## PROBLEM DESCRIPTION
Reproduction without pictures: print every entry precisely as written.

-*-*-

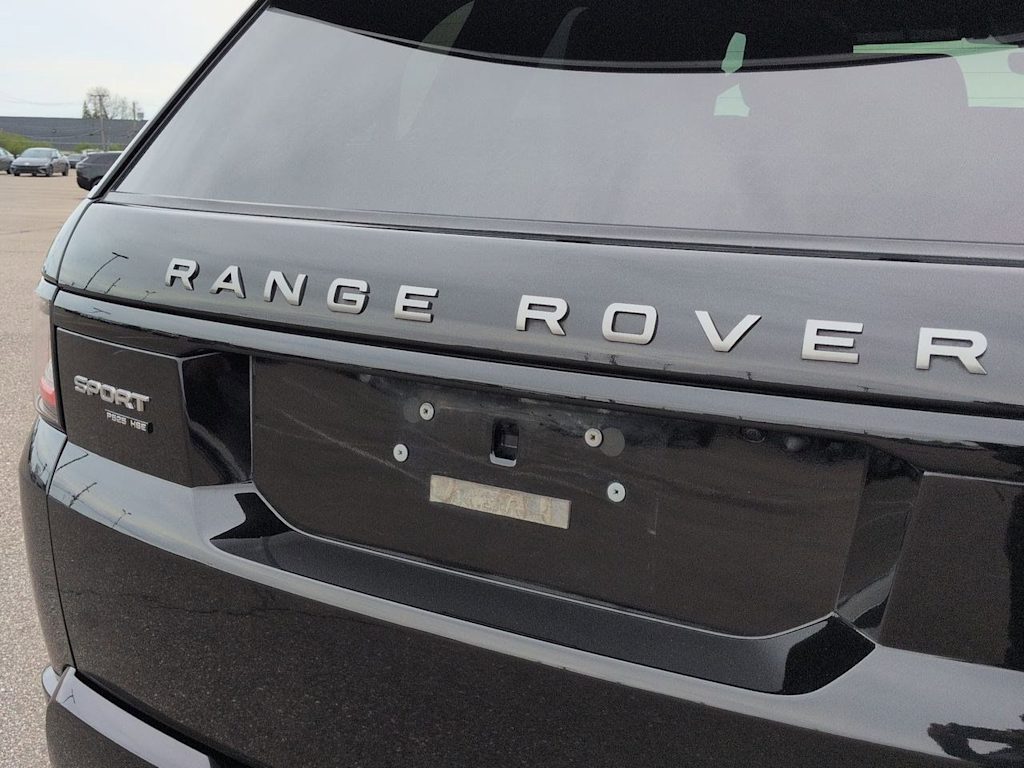 Thumbnail: 2021 Land Rover Range Rover Sport - 25
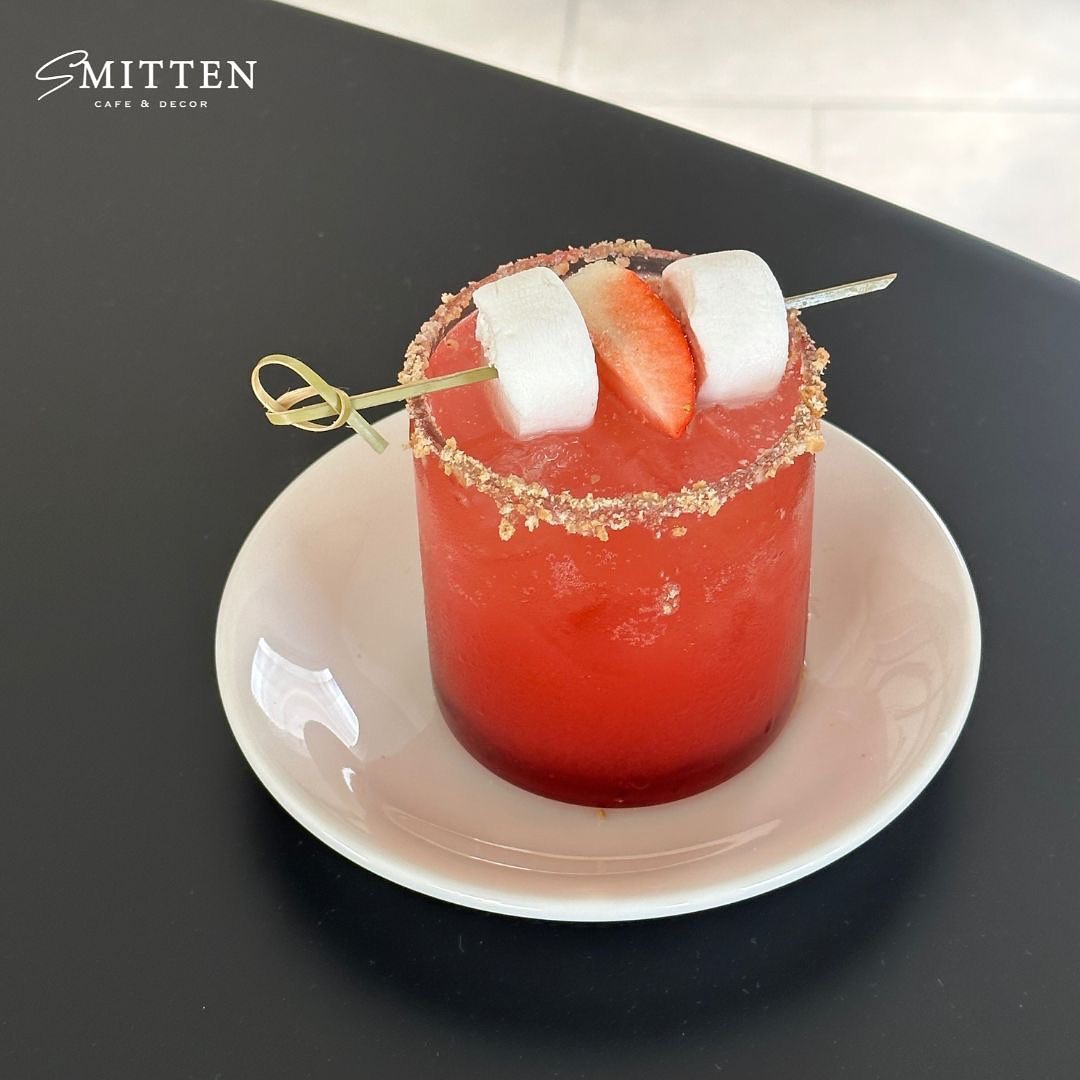 Smitten Cafe and Decor, Thong Ampai Café, THREE Cafe, Continue.cafe, Sunday in 345 cafe, Aprilhouse, The Aileen Cafe', Oliva Cafe, The Kottage Cafe, Plant Cafe, ปิ่นโตนามีตาล, Baan Kanom De'Pathum, Pumpkin Art Town, Mushroom Hut Cafe, KAD Cafe - กาด คาเฟ่, ADAM cafe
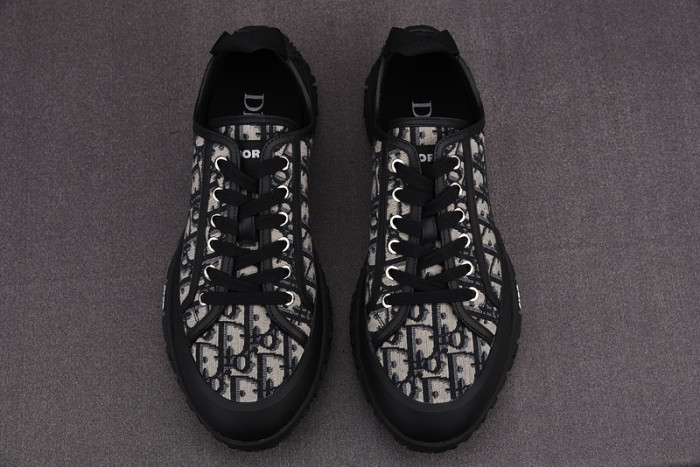 DR B28 Sneakers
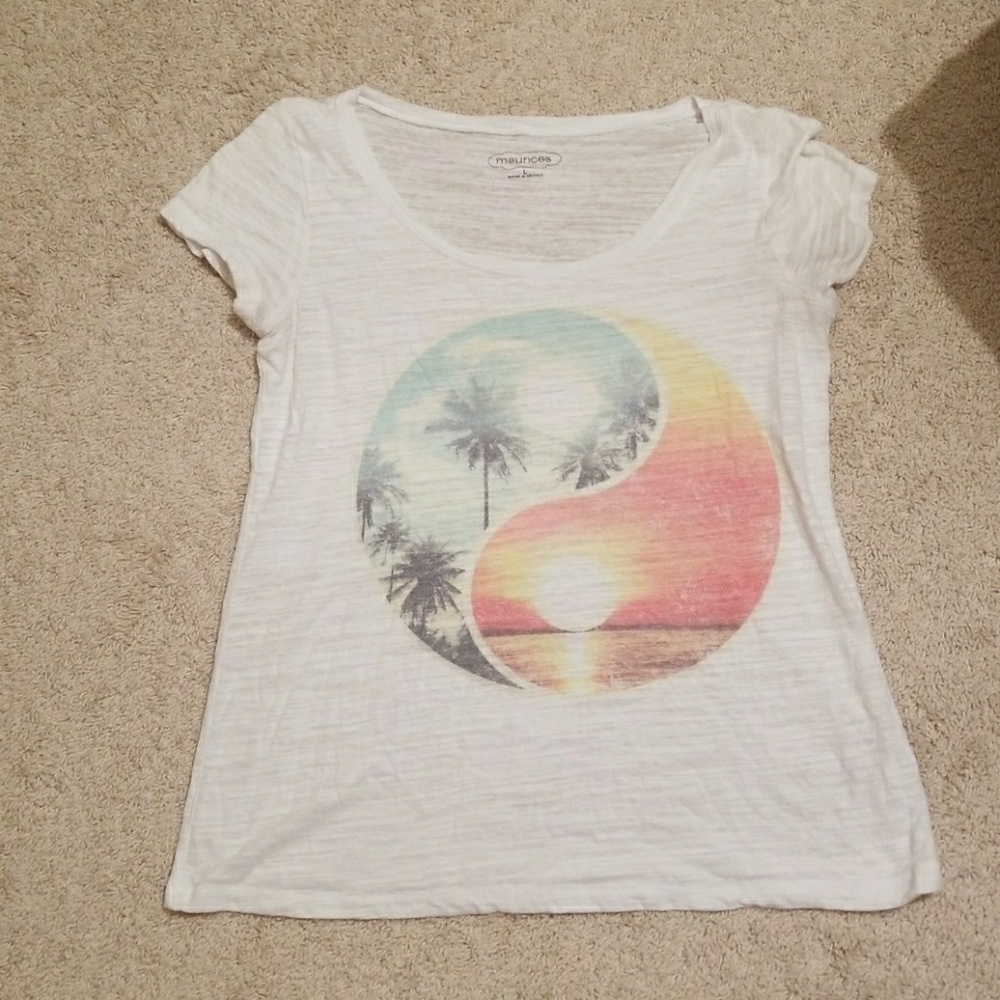 Maurices shirt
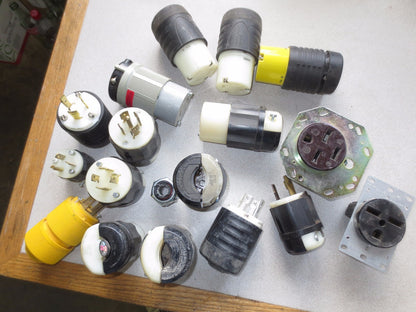 MIXED LOT of ELECTRICAL PLUGS and RECEPTACLES - VERY GOOD - LOT of 18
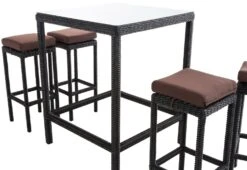 CLP Polyrattan Gartenbar-Set Alia 5mm I Rundrattan Gartenmöbel-Set Mit Tisch Und 4 Barhockern Inkl. Sitzkissen I In Verschiedenen Farben -Entspannender Garten 8600246500 309800 prod 005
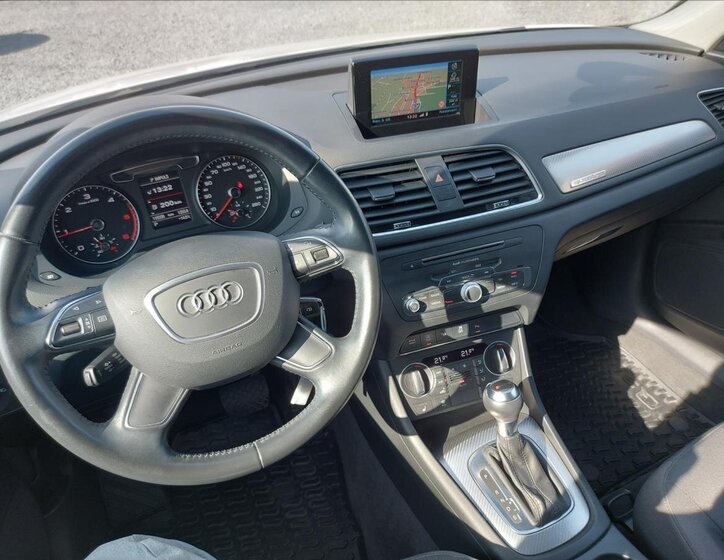 Audi Q3 SUV / Terénní 2,0 l 110 kw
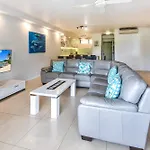 Poinciana 101 Hamilton Island Centrally Located 3 Bedroom, Plus Buggy!!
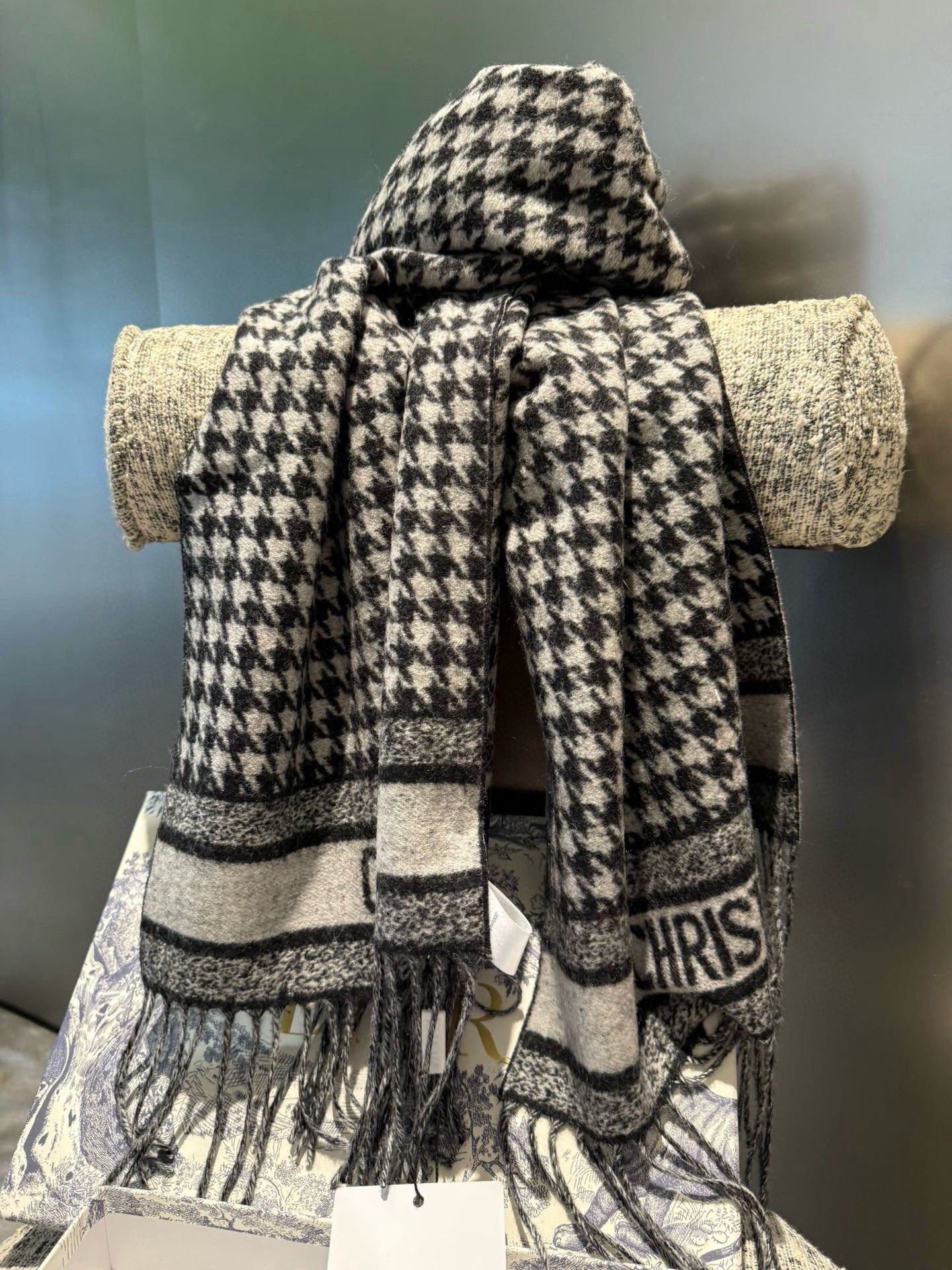 PDior25新款千鸟格围巾，这款围巾向经典的粉色和白色千鸟格纹图案致敬。采用羊绒面料精心制作，双面设计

-*-*-

## RESPONSE TO THE TASK
 Thumbnail: 2021 Land Rover Range Rover Sport - 25
 Smitten Cafe and Decor, Thong Ampai Café, THREE Cafe, Continue.cafe, Sunday in 345 cafe, Aprilhouse, The Aileen Cafe', Oliva Cafe, The Kottage Cafe, Plant Cafe, ปิ่นโตนามีตาล, Baan Kanom De'Pathum, Pumpkin Art Town, Mushroom Hut Cafe, KAD Cafe - กาด คาเฟ่, ADAM cafe
 DR B28 Sneakers
 Maurices shirt
 MIXED LOT of ELECTRICAL PLUGS and RECEPTACLES - VERY GOOD - LOT of 18
 CLP Polyrattan Gartenbar-Set Alia 5mm I Rundrattan Gartenmöbel-Set Mit Tisch Und 4 Barhockern Inkl. Sitzkissen I In Verschiedenen Farben -Entspannender Garten 8600246500 309800 prod 005
 Audi Q3 SUV / Terénní 2,0 l 110 kw
 Poinciana 101 Hamilton Island Centrally Located 3 Bedroom, Plus Buggy!!
 PDior25新款千鸟格围巾，这款围巾向经典的粉色和白色千鸟格纹图案致敬。采用羊绒面料精心制作，双面设计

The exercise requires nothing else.